None of this stuff is the end of the world, again there is plenty of time, but the way this stuff plays out matters. When a team like the Pirates show sloppy searches for coaches, or messy exits, hell, even just the perception of messy exits due to their own stubborn silence, it’s easy for fans who already don’t trust the organization to assume it’s more of the same.
Oh, if Ben Cherington turns this thing into a winner you can look back on all this stuff and laugh I suppose, but let’s face it, Ben and Travis Williams weren’t just brought here to build a team, they were brought here to change the way this team does business. They were brought here to better communicate with fans and communicate in general would seem to be a good start in that effort.
I’m a firm believer, if you want people to stop taking pot shots at you, maybe stop wearing the jacket with a target on the back. Stop giving people ammunition works too. If you want to stop being the joke, stop acting like one.
I don’t care why Joel wanted out, and honestly I’m not sure anyone should. This stuff happens all the time, but if you sell a guy as some kind of especially talented member, it would behoove you to get out in front of the story, and explain before he has an opportunity to discuss it with Alex Stumpf and Jason Mackey. Take ownership of the process, make it look like the organization played a role in this move even if it’s just having a different vision or wanting him to fill a different role than he wanted.
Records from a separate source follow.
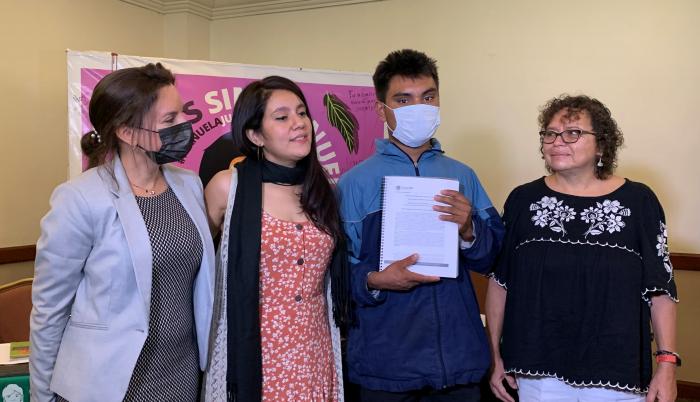 violencia obstetrica el salvador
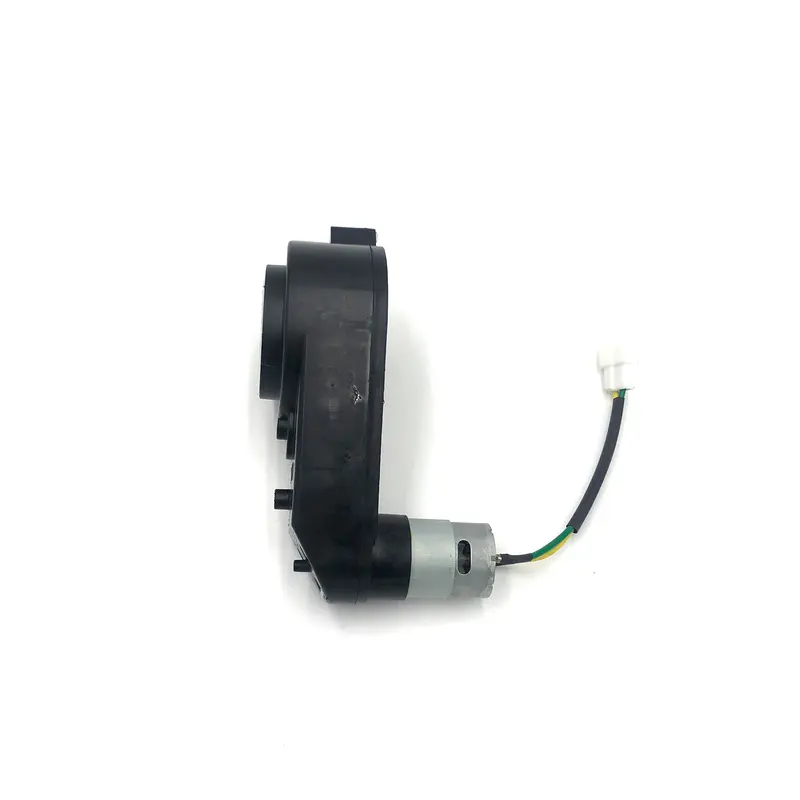 Replacement Electric Motor For Kids Ride On's - Mercedes Benz X Class 12V-35W 10000Rpm Electric Motor Universal Gearbox  - 106-714 1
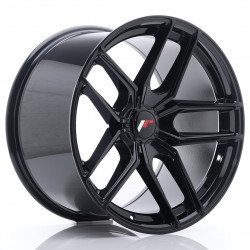 Cerchi in lega Japan Racing Jr25 11.0x19 Gloss Black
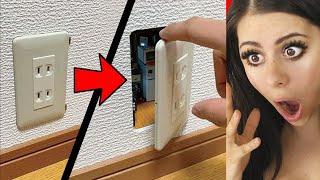 People Finding SECRET HIDDEN ROOMS In Their Homes !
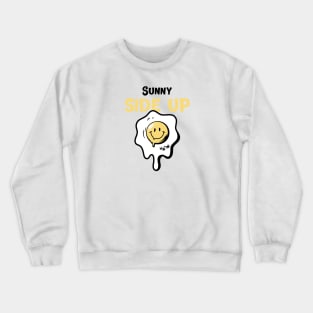 Sunny Side Up Crewneck Sweatshirt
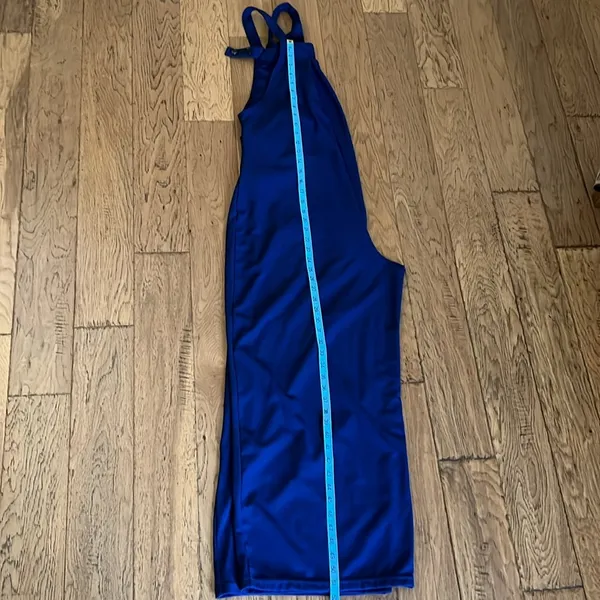 Halara M -  - jumpsuit navy NWT - Image 8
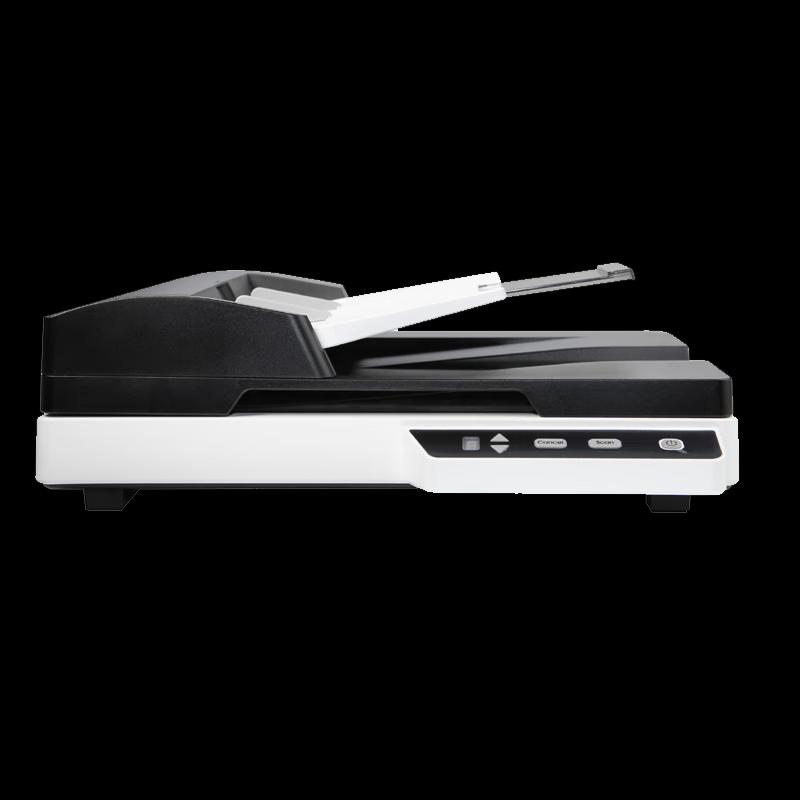 Avision AVF121 Color Duplex A4 Document Scanner CN plug (adapter included)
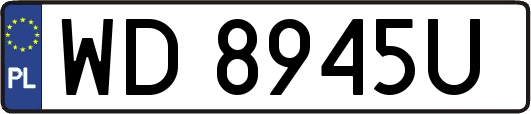 WD8945U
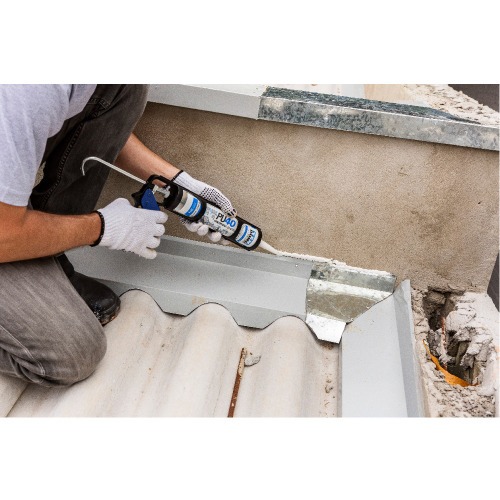 Adesivo multiuso em poliuretano 280ml 387g - PU40FIX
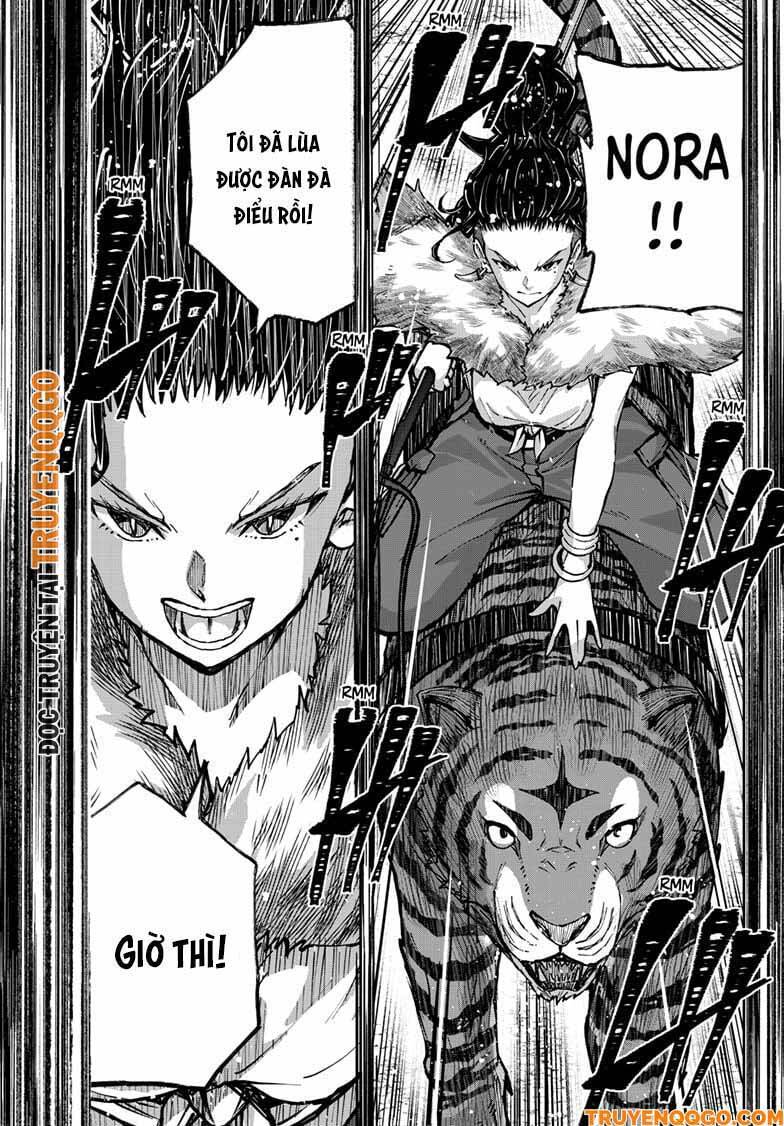 Zombie 100 ~ 100 Điều Tôi Sẽ Làm Trước Khi Trở Thành Zombie~ Chapter 72.5 - 8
I mean, that’s what happened, but instead of that being the story, the story is more about a coach dropping a bomb on social media. It’s more about a franchise that can’t even competently staff their AAA staff and seemingly got caught flat footed.
I can’t sit here and deny that the talent level in the system is better, it certainly is, but there is more to turning this franchise around than bringing in talent. As Clint Hurdle once famously noted, part of his job was reconnecting this baseball team to it’s city and fans. Winning certainly helped him get the job done, but transparency about the ethos and methods they’d use helped create buy in, and quite honestly we’re not seeing that.
Even with a move they made earlier with Jacob Stallings, man it just felt like they didn’t see why anyone would question it. Word salad from the GM eventually meandered to all the touch points you’d want to hear, but you have to fight through the boogers to get to the kleenex with almost every statement. At least there was one though, even if it wasn’t deemed important enough to address at a press conference as opposed to on a laptop waiting for a flight at the airport.
The team on the field is obviously priority number one, but where we are in this rebuild, this team needs to improve some of this stuff and tighten up too. I’m sorry, Derek Shelton is a nice guy and his t-shirt thing is cute, but at some point someone has to do more. It’s not Travis Williams or Ben Cherington’s fault this team has a damaged reputation, but it is their job to fix it. Maybe that’s an impossible effort with their owner, I mean they could hand out $100 bills in Market Square and have people ask how much it was in total and list off the players they could afford to bring in with the cash.
It’s not an easy lift, but it shouldn’t mean it’s not attempted. What I feel right now is a management team that feels winning is the answer, solely. I suggest making fans feel like you are making purposeful moves as the process unfolds and including fans in the ups and downs would create an invested and passionate base when that winning does actually come into the conversation.
As it stands now, they’re in my mind throwing their hands up and deeming it unnecessary to bother. Hire someone else to do the job if that’s what it takes, but people in this industry should simply know things like hey, it might not be the best idea to send out season ticket packages and seating reassignments to fans the day after your 101st loss of the season and heading into a lockout.
As Vince Vaughn would say, Lock it up.